The blasphemy is when we think that whatever sin we have committed—be it fornication, murder or whatever—the blasphemy is when we think that our sin is beyond God’s ability or willingness to forgive. That is a false accusation against God! It besmirches His Divine character. It makes Him out to be a vengeful ogre. That is blasphemy against His Holy Spirit. Our sin is then unpardonable because we think He cannot or will not forgive; and therefore we stubbornly refuse to confess it. If we won’t confess it, then it remains unpardonable? Do you understand that?
There is no sin so vile that God will not forgive. And if you’re saying: “Well, I don’t feel worthy to be forgiven.” Hey! You’re right about that. We are not worthy, but that is why salvation is such a marvelous
free gift. Or if you are saying: “But deep inside a strong part of me is still resisting repentance.” Well, don’t you think David was too? If that’s the case, here’s a suggestion: when in turmoil and strife in your conscience, and you know you’ve done wrong or are still doing wrong, but you are struggling with having a desire to do right, simply give up. Surrender to the Father.

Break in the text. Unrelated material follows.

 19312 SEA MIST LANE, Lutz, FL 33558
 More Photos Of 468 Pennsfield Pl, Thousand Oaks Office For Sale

Tell Him of your struggle and then tell Him that you are totally incapable of even desiring to be obedient continuously. And then, here’s the final key: just humbly ask Him to put that right desire in your heart. It sounds so simple, and it is, but it is one of those things that is so simple, that many of us have never thought of it. Simply ask Him to give you loathing for your sin and the desire to do right. The apostle Paul tells us that the stories in the Old Testament (like David and Bathsheba) are written there so that we can learn from them and not make the same mistakes they did.
1 Corinthians 10: 11 Now all these things happened unto them for examples: and they are written for our admonition, upon whom the ends of the world [age] are come.

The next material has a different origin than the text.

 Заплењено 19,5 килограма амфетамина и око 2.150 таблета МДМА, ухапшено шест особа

12 Wherefore let him that thinketh he standeth take heed lest he fall.
If such a great and towering believer such as David could fall so fast and so hard and so perilously, let all of us weaker Christians beg our Father that He would preserve us in our times of temptation. Because in the entire course of human history, only one man has been tempted like us all and He overcame in every instance. And by His sacrifice of Himself for our sins, and by His resurrection from the grave, Jesus the Christ has become the only immortal one who is always present as our helper in our times of temptation. May God store the truths of this teaching deep in your soul, and may He bring it to your remembrance when you are tempted like David and Bathsheba or in any other way. Amen.